## [Input data]
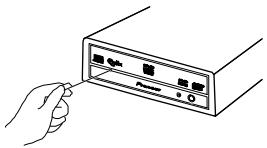 PIONEER DVR-2920Q - Eyección manual del disco - 1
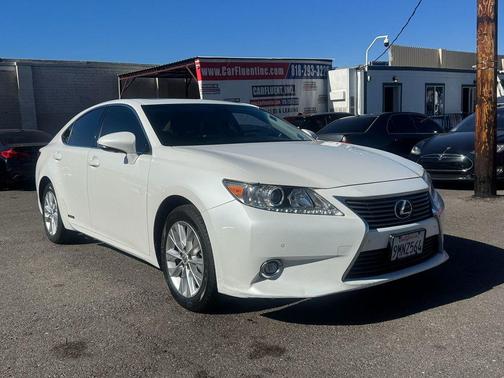 2014 Lexus ES 300h Base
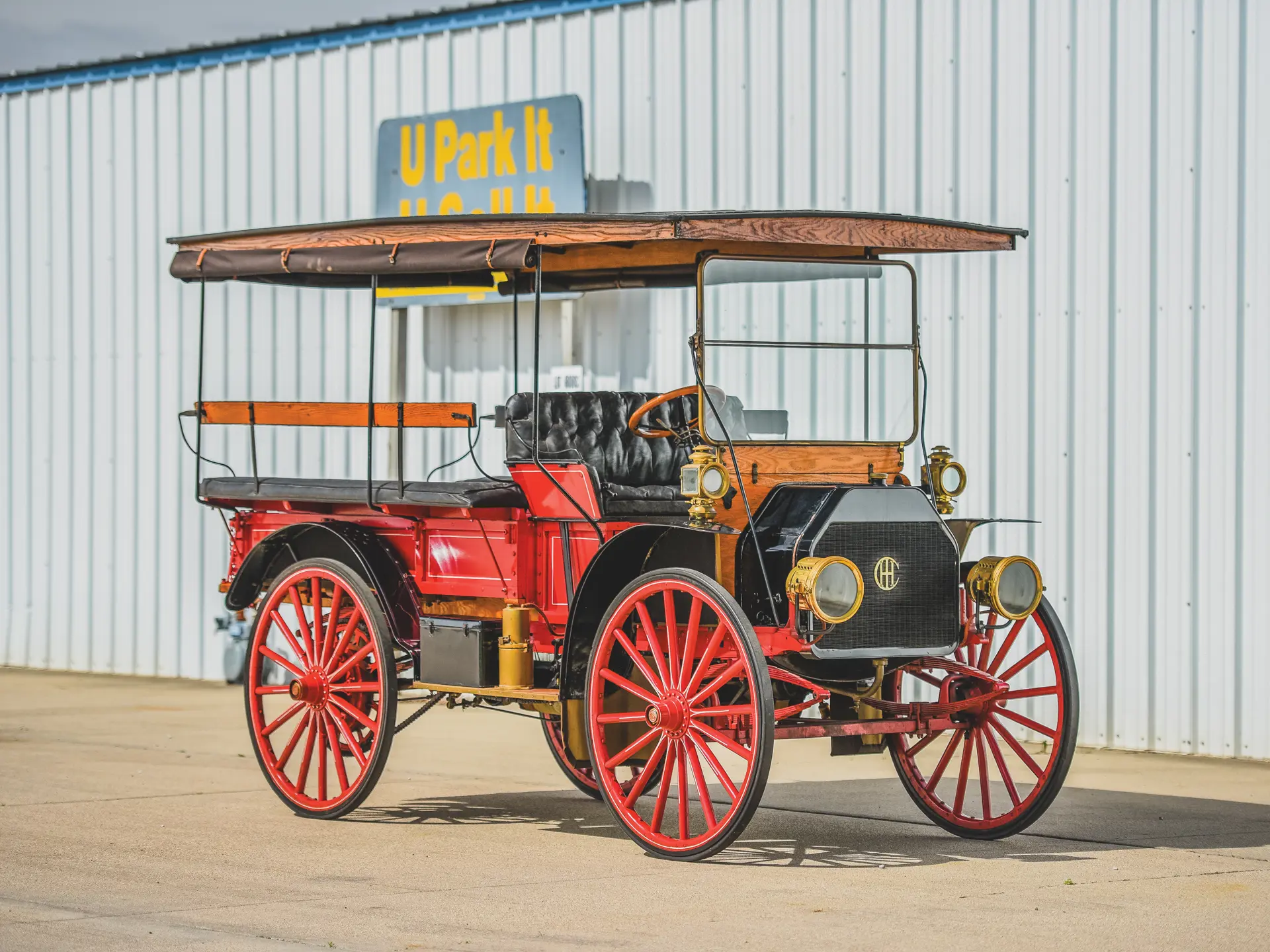 1912 IHC Model AW Auto Wagon | Hershey 2019 | RM Sotheby's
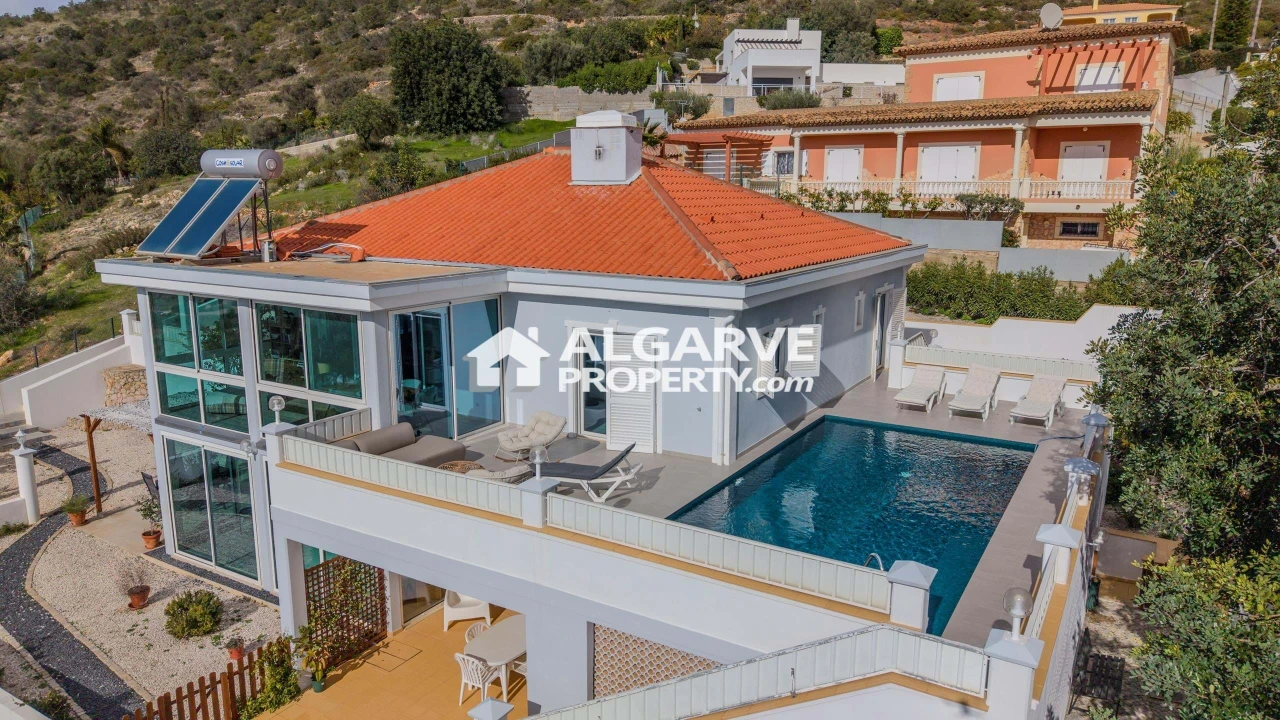 Moradia T4 para Venda em Loule (São Sebastião) Foto 50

## [Aim of the task]
Reproduce word for word the lines from the line holding "2014 Lexus ES 300h Base" through the last line of the material above, inclusive, and keep pictures out of it.

## [Response]
 2014 Lexus ES 300h Base
 1912 IHC Model AW Auto Wagon | Hershey 2019 | RM Sotheby's
 Moradia T4 para Venda em Loule (São Sebastião) Foto 50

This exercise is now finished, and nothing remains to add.